The work of the Neurobiochemistry research laboratory focuses on the determination of the elementary mechanisms that underlie biochemical and biomedical processes. From a detailed understanding of these basic steps, disease and malfunction can be understood and new therapies developed. Proteins targeted in the group are ion channels. For their studies a number of techniques are combined. Basic molecular biology, including PCR-based mutagenesis, cloning, plasmid handling, bacterial and eukaryotic expression of proteins are key techniques to generate defined mutant proteins. Techniques of protein biochemistry include gel electrophoresis, Western Blotting, surface membrane expression, and enzyme kinetics. Ion channel function is assessed using patch-clamp electrophysiology techniques in combination with rapid chemical kinetic methods. Both, recombinant ion channels and channels from primary culture of neurons can be studied in the laboratory.
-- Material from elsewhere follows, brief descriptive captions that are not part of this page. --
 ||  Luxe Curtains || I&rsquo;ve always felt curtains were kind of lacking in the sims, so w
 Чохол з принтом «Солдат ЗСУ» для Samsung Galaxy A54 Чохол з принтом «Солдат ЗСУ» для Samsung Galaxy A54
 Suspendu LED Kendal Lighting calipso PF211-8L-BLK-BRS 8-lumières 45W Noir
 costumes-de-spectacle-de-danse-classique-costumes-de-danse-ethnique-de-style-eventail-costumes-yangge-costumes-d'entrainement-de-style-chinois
Pharmacological approaches include the determination of mechanisms of receptor inhibition, as well as the study of synergistic effects in drug combinations. These in vitro methods are complemented by cellular toxicity assays and experiments using mouse and zebrafish models for in vitro characterization of drugs and drug combination. A new project on the molecular virology of hepatitis C focuses on the characterization of the hepatitis C p7 ion channel protein as a pharmacological target, the development of functional 7 tests, and the development of novel p7 inhibitors as antiviral drugs. A research initiative of the generation of novel pharmaceuticals from marine sources and medicinal plants has been established with the aim to identify new therapeutic compounds from natural resources in Egypt. The Research Laboratory of Basic Biochemistry is equipped for basic Molecular Biology and Protein Biochemistry. PCR-based site-directed mutagenesis, plasmid preparation, purification and amplification through bacterial expression is established. Protein biochemistry includes eukaryotic expression, protein isolation and purification, analysis of membrane proteins, surface expression analysis, SDS-PAGE and Western Blot, Dot Blot, enzyme kinetics.
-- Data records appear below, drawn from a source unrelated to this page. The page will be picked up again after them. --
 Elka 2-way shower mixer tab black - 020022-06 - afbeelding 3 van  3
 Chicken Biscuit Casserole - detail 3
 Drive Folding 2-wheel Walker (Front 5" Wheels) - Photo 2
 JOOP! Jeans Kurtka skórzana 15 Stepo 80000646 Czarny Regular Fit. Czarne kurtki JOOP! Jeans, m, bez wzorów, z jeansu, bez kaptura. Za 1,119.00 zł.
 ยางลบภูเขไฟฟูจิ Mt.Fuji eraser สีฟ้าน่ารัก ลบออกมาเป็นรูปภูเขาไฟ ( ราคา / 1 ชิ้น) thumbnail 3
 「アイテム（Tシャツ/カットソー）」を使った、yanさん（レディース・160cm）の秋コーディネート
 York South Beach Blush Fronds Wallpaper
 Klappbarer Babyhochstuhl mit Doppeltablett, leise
For advanced characterisation of ion channel receptors, a patch-clamp setup (incl. Sutter pipette puller, Zeiss Axiovert 400 Fluorescent microscope, HEKA EPC-10 amplifier, Octaflow perfusion system) is established. Culture of eukaryotic clonal cells and primary cells is established in the laboratory.
1.1) Inhibitory glycine receptor
1.2) Ligand-gated ion channels – structure-function relationships and modulation
1.3) Neuroregeneration / neuronal stem cell signaling
2) Marine Biotechnology/Biochemistry – Pharmacology:
2.1) New agents/pharmaceuticals from marine sources:
Organisms (plants, sponges, mollusks, echinoderms) from the Red Sea are collected and crude extracts prepared by standard methods (methanolic, acetone, organic solvents, …). Crude extracts are tested in vitro (patch-clamp) for activity on glycine, acetylcholine, Glutamate and GABA receptors. Further tests include cytotoxicity and cytoprotection, neuroregeneration, antibacterial assays. Based on in vitro results, in vivo tests (artemia, mouse, zebrafish) will be performed.
The initiative has been highly successful in identifying novel sources for pharmaceuticals.
3) Virology – p7 channels in hepatitis C:
The p7 protein is an integral component of the hepatitis C virus. Here, we will generate a plasmid construct for recombinant expression of the p7 proteins in HEK cells. Various p7 variants, with genotype-specific sequences will be generated and tested for surface expression and channel activity. New channel blockers will be tested and their inhibitory potency compared to amantadine and rimantadine. Finally, we will try to establish an in vivo test system for promising drug candidates as new hepatitis C treatment.
Animal handling, animal disease models, protein biochemistry, SDS-PAGE, Western Blot, Bioassays of pharmaceuticals.